Naturally this isn't great for someone with panic disorder. But even when I was younger before I started having recurrent panic attacks, I remember printing out CV after CV aged 16-19 and handing them to place after place with little to no luck. This made me seriously depressed; it would be different if I didn't make much of an effort to find jobs, but I've spent more time in the last five years searching and applying for jobs than actually working. Most people want you to have experience, but you can't get experience if no one gives you a chance to have experience. Bloody paradox.

I am also with a few acting agencies and have had some jobs as an extra for adverts and movies.

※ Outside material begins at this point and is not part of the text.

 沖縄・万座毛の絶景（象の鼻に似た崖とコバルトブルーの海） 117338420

But again unfortunately this is a chancy and fickle area. I started with one agency around February and got two jobs within a couple weeks, and was hoping to make it a regular thing. However, I had a bad panic attack on the second job (which was for an advert) and didn't receive anything for months.

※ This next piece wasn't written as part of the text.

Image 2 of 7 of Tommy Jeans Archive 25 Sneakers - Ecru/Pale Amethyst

Back in June I worked at Wembley stadium, but had to stop because it was making my panic attacks flare up. I worked the other day at Notting Hill carnival for twelve hours as a steward, and managed to get through most of the day fine (a bit of anxiety but not over-the-top). But at the end of the day I when I was queuing up outside Notting Hill station I had an attack and collapsed.

For people with mental illnesses, its hard enough to find the job but then its nearly impossible to maintain it. There's the difficult part of applying, getting a trial and then actually getting the job in the first place, which can take months of searching. London is a highly competitive and over-populated city, with hundreds of thousands of sweaty bodies competing for the same jobs. University graduates have been struggling to find work post-uni for years, with many working in a field that has nothing to do with their actual degree.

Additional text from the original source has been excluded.